### [EXERCISE REQUIREMENTS]
Which lines mention "Baby"? Show each one from the listing.

################

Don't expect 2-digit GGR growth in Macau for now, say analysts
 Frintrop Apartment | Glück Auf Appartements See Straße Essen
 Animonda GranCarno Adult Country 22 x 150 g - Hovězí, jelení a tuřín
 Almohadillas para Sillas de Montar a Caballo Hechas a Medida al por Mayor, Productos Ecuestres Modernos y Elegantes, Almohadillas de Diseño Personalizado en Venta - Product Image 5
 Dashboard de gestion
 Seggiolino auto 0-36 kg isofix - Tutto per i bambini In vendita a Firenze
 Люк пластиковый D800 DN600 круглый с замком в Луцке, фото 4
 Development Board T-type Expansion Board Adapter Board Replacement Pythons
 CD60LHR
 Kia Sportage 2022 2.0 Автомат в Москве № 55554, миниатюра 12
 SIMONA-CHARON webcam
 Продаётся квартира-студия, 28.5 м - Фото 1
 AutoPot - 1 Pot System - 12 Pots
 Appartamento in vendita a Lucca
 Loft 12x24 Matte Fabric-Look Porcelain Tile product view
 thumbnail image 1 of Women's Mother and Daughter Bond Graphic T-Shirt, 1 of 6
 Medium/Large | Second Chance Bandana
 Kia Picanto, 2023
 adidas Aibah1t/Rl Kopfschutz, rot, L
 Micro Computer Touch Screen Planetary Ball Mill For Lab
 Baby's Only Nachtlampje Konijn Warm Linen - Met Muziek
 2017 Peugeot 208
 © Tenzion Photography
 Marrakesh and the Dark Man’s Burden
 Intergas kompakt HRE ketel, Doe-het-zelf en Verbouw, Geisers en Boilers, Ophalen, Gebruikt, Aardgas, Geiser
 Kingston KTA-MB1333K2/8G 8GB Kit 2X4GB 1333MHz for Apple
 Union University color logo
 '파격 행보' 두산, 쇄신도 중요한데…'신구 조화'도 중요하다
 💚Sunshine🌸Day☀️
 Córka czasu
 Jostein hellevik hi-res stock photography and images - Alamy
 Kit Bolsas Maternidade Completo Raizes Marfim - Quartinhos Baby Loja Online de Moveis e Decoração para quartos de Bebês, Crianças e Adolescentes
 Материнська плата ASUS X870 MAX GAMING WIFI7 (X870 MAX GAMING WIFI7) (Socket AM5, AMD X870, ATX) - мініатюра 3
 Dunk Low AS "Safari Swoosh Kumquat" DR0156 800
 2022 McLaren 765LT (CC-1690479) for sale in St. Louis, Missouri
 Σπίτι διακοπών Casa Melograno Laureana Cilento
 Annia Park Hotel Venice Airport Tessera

################

### [WRITTEN SOLUTION]
 Baby's Only Nachtlampje Konijn Warm Linen - Met Muziek
 Kit Bolsas Maternidade Completo Raizes Marfim - Quartinhos Baby Loja Online de Moveis e Decoração para quartos de Bebês, Crianças e Adolescentes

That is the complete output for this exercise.